En résumé, ponctuent Bruno et Denis, « il s’agit de faire évoluer le dispositif expérimental pour étudier de nouvelles maladies, les règles d’inscription pour prendre en compte une plus grande diversité des situations, pour encourager et stimuler le progrès génétique ».
Liste des variétés
Mais la course de haie en s’arrête pas au bout de deux ans : il faut passer ensuite à la phase de recommandation des nouvelles variétés sous l’égide de l’ITB. Ce qui donne lieu à la fameuse « liste des variétés » publiée dans Le Betteravier Français. L’ITB met en place chaque année en janvier un protocole pour tester de nombreuses variétés (84 en 2018), soit 16 000 micro-parcelles réparties entre l’Institut et les Services Agronomiques des Sucreries. Chacune de ces variétés peut être placée en test durant 1, 2 ou 3 années. « Le turn-over d’une variété résistante aux nématodes est de 2,2 ans », indique Ghislain Malatesta, responsable du Département expérimentation et expertises régionales à l’ITB, « et de 2,5 ans pour une variété résistante à la rhizomanie ». A mettre en parallèle des 2 années d’inscription au CTPS et jusqu’à 3 années de recommandation à l’ITB. « Ce qui est un signe de vitalité du progrès génétique », poursuit Ghislain, mais qui a un coût du point de vue commercial et marketing pour le semencier.
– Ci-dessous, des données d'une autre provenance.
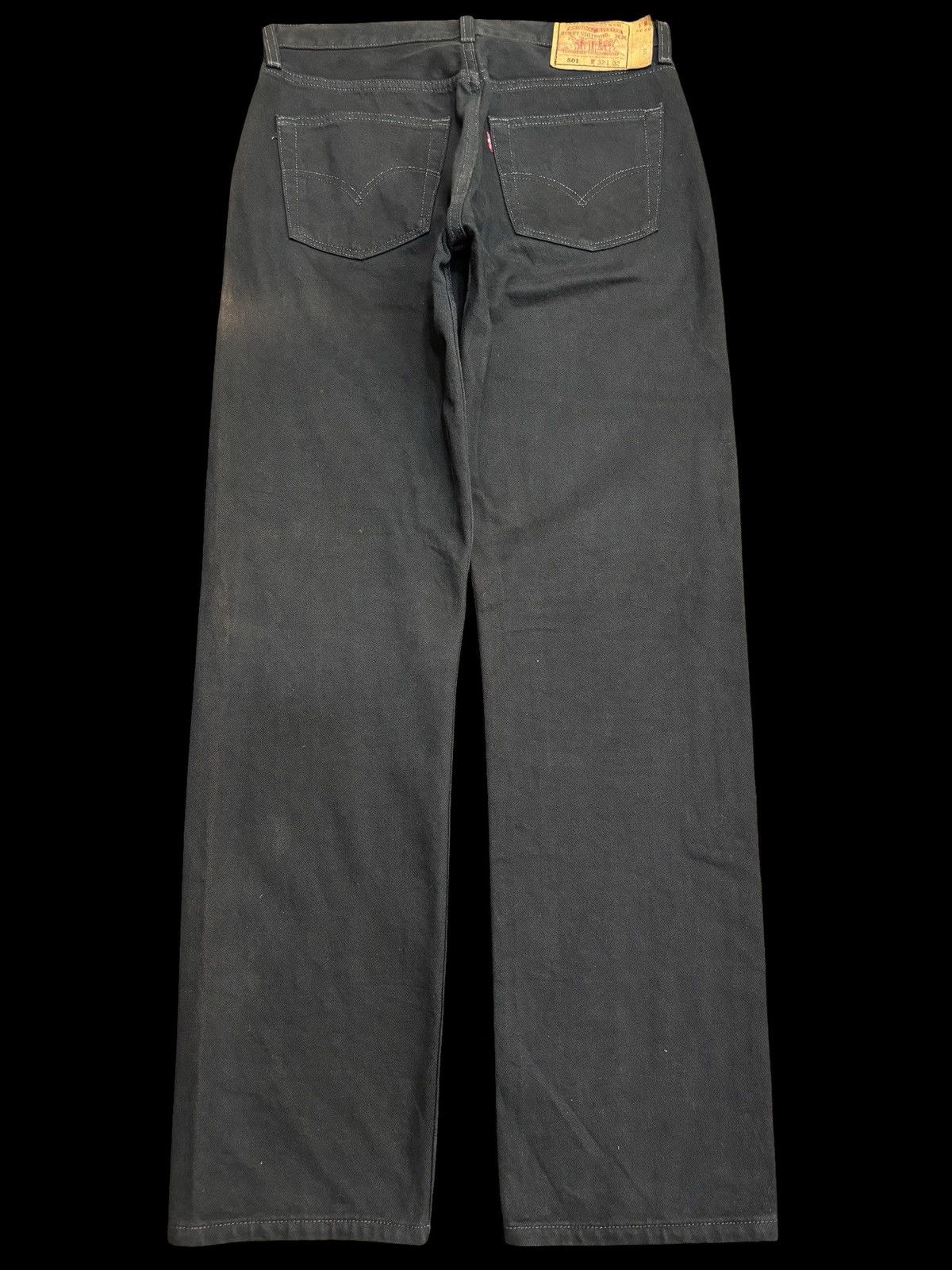Levi's Vintage Clothing 💥90s💥Vintage Levis 501 Original Cut Superblack Denim F605 Size US 31 - 2 Thumbnail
Plan SPAD - Semences et Plants pour une Agriculture Durable :
https://agriculture.gouv.fr/plan-semences-et-plants-pour-une-agriculture-durable
Le CTPS, au service de l’inscription des variétés
« Le CTPS est un système participatif en appui aux politiques publiques, qui se renouvelle pour répondre aux attentes des acteurs de la filière et des pouvoirs publics », déclare Alain Moulinier, président du Comité Plénier et président de la Section Betteraves et Chicorée industrielle du CTPS, vice-président du CGAAER (Conseil général de l’alimentation, de l’agriculture et des espaces ruraux).
Les missions du CTPS, composé de 15 sections paritaires, sont fixées par le Code Rural : il apporte un conseil et un appui technique auprès du ministère de l’agriculture, étudie les problèmes scientifiques posés par la sélection et la production des semences et plants, et leurs répercussions techniques et économiques sur l’agriculture. Au plan opérationnel, il établit le « catalogue officiel des espèces et variétés de plantes cultivées admises sur le territoire national », instruit et suit l’application des règlements techniques de certification, et propose au ministère des programmes de développement de la sélection végétale et de la filière des semences et plants.